The American Communities Project worked with the Office of Vital Records at Montana’s Department of Public Health and Human Services to get a statistical understanding of the tumultuous intersection of Covid-19 and deaths of despair. The state allowed the ACP to analyze 197,000 death reports from 2000 through the end of 2020 to identify trends and see what may have happened during the worst of the lockdowns and social isolation.

Overall Findings Reveal Alcohol’s Effect

After examining this statewide data over the 20-year span, 2020 stands out in a few important ways:

    • First, the surge in alcohol-related deaths was significant both in terms of the rate and the actual number of deaths.
    • Secondly, the suicide rate remained largely flat despite the pandemic’s forced isolation and the interruption to normal routines.
    • Drug overdoses appeared to be on the rise, but that is mainly attributable to a spike in April. Since then, the numbers have declined steeply.

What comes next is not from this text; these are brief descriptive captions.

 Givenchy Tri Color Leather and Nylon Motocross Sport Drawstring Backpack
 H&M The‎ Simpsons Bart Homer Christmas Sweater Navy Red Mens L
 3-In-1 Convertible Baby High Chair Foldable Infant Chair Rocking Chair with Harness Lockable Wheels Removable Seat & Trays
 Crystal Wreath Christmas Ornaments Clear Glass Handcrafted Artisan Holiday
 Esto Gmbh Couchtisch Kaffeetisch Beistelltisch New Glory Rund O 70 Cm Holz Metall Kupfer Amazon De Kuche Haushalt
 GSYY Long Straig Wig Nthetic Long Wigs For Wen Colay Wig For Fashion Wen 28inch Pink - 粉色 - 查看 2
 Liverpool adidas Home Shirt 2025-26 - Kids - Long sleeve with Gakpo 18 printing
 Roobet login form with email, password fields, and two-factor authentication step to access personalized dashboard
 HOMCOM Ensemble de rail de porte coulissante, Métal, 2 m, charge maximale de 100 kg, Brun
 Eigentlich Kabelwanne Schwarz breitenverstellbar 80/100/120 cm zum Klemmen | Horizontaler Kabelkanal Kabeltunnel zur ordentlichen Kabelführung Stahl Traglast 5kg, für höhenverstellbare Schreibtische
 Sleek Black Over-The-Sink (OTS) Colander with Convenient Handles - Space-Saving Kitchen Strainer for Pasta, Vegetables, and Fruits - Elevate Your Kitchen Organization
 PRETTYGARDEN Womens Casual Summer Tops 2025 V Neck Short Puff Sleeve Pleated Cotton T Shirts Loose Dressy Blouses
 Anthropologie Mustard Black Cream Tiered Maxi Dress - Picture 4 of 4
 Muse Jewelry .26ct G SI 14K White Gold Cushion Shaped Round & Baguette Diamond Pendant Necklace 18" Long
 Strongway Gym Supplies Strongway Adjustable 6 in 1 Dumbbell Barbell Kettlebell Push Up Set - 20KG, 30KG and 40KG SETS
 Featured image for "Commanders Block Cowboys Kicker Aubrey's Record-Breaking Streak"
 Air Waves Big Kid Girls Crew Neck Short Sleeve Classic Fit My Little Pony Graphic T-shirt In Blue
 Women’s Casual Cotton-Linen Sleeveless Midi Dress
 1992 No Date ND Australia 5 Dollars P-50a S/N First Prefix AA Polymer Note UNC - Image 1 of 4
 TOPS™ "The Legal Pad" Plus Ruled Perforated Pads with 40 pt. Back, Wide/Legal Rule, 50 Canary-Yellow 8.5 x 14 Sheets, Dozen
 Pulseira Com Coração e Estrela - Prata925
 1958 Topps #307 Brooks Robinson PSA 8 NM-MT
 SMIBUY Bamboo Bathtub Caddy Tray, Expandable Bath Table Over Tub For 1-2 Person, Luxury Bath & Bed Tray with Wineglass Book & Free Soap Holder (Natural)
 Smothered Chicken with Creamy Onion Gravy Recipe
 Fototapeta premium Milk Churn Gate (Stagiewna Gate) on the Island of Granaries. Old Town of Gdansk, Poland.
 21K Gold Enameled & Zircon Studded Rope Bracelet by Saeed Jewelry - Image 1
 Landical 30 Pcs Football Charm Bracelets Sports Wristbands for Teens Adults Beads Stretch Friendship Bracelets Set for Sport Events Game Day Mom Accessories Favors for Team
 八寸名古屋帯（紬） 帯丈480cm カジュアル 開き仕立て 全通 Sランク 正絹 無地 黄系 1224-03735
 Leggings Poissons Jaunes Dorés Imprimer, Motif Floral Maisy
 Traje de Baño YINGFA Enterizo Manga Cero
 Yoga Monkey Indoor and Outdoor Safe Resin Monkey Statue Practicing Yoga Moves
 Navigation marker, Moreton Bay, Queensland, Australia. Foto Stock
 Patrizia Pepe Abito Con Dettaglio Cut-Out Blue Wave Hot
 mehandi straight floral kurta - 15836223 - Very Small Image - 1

Despair Deaths Through the ACP Lens Show Volatility

 

When one examines the same reports through the lens of the American Communities Project, the story of what happened to communities during Covid becomes much less consistent.

As the ACP reported in late March, initial comparison of deaths from Covid and deaths of despair find the mortality rates vary depending on economic and cultural factors.

The same holds true in Montana, but with a sparse population and large counties, data from Montana are often more volatile as individual cases can swing numbers in a county.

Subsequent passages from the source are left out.